◆ **What you are asked to do**
Before repeating the entries below, strip out every picture and keep all else as it is.
-- Dataset content follows --
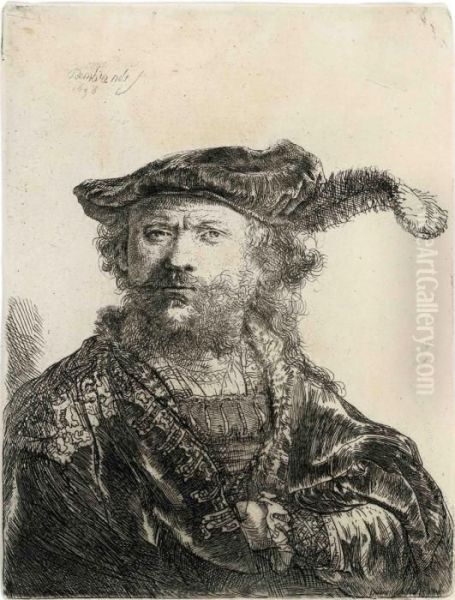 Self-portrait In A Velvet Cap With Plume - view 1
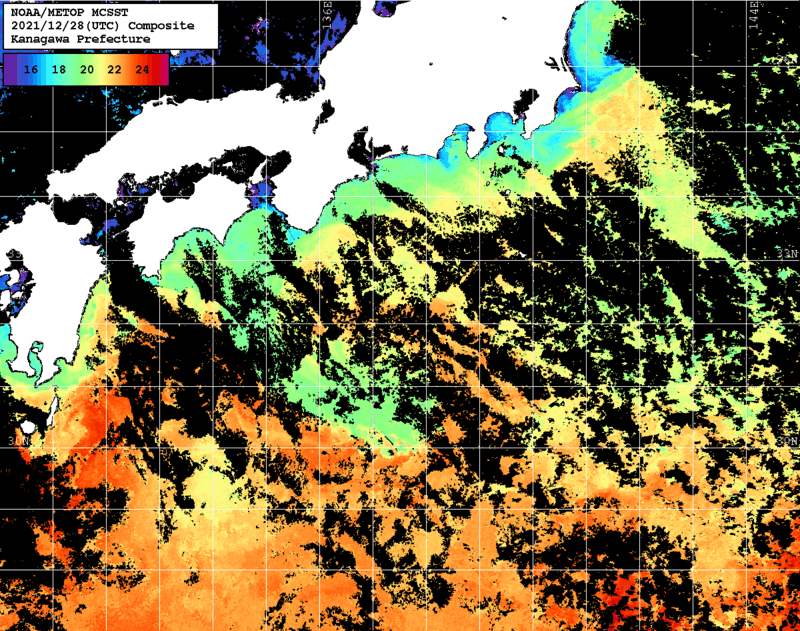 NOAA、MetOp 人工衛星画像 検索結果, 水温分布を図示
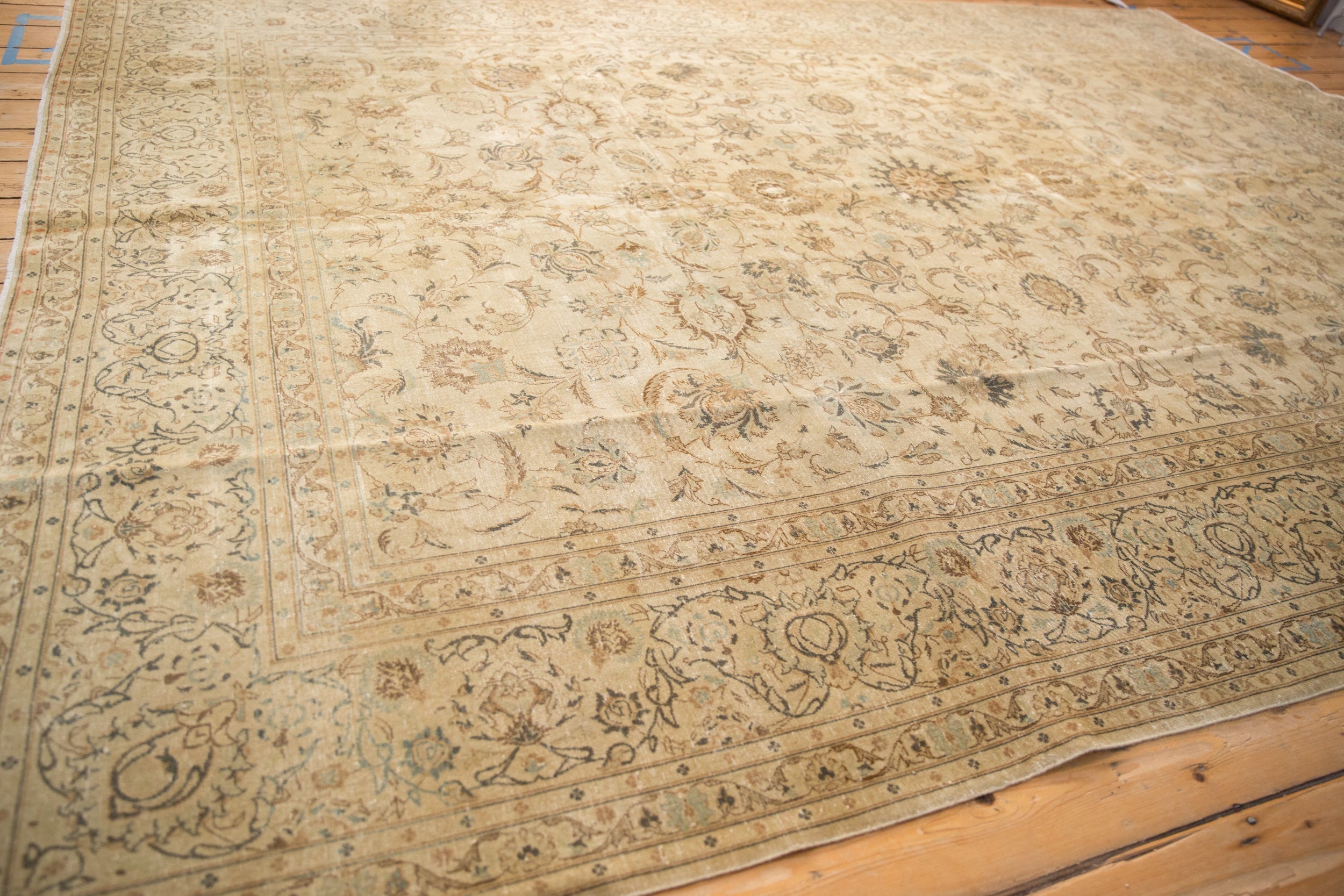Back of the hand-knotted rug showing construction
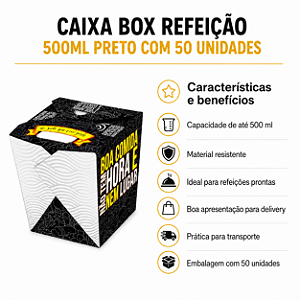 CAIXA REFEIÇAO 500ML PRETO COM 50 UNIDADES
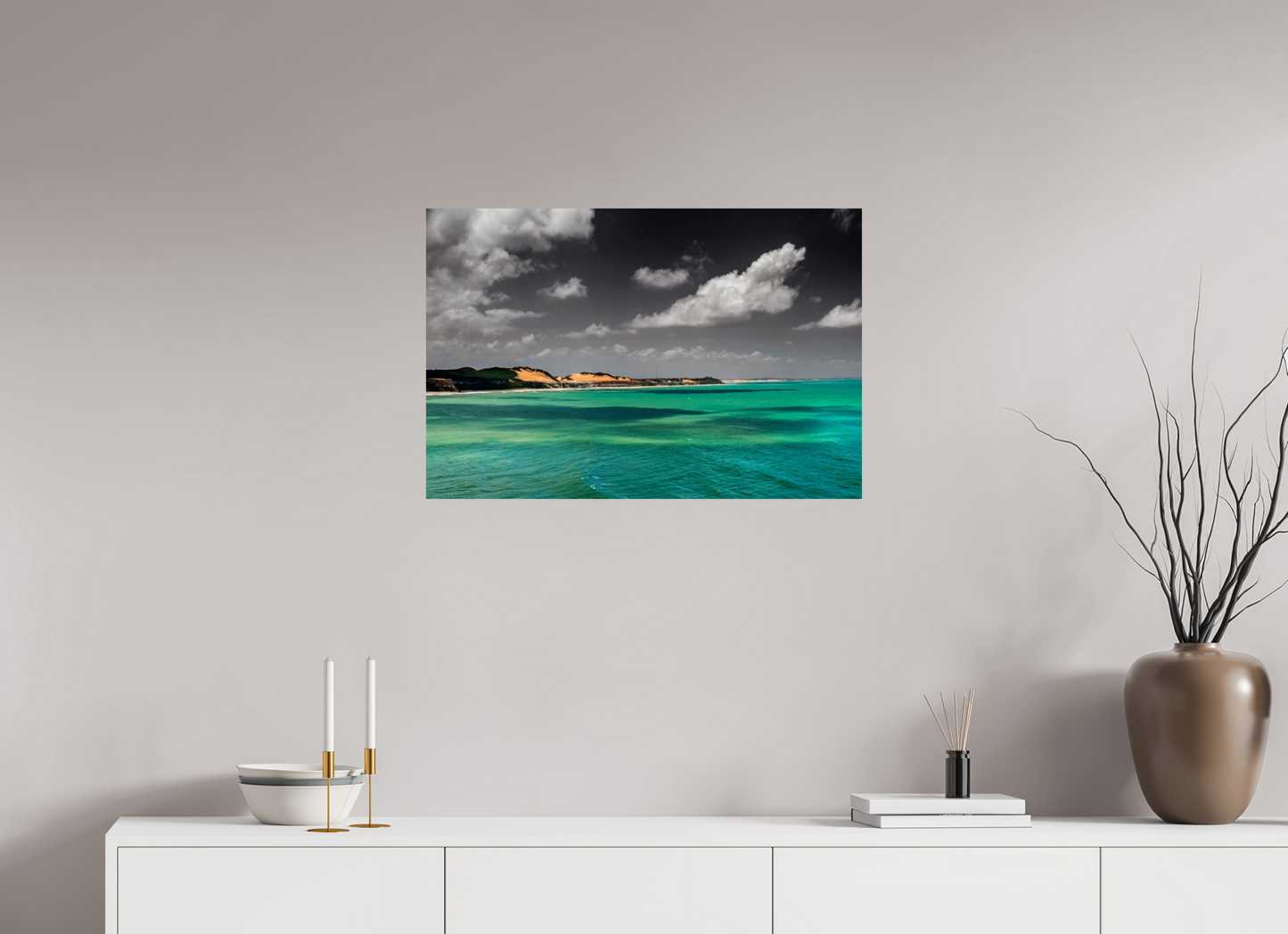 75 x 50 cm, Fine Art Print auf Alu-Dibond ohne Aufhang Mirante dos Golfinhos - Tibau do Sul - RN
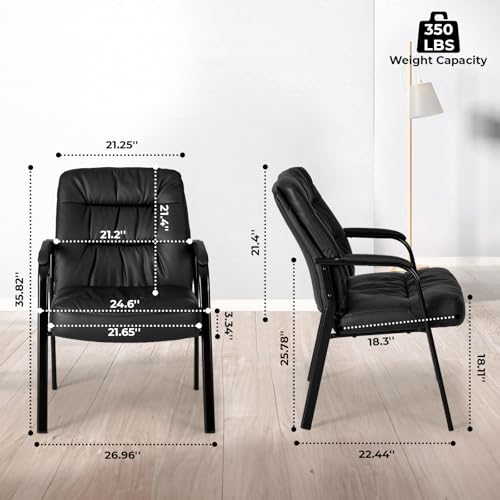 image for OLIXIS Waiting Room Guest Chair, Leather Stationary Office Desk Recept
-- Dataset content concluded --
◆ **The answer**
 Self-portrait In A Velvet Cap With Plume - view 1
 NOAA、MetOp 人工衛星画像 検索結果, 水温分布を図示
Back of the hand-knotted rug showing construction
 CAIXA REFEIÇAO 500ML PRETO COM 50 UNIDADES
 75 x 50 cm, Fine Art Print auf Alu-Dibond ohne Aufhang Mirante dos Golfinhos - Tibau do Sul - RN
 image for OLIXIS Waiting Room Guest Chair, Leather Stationary Office Desk Recept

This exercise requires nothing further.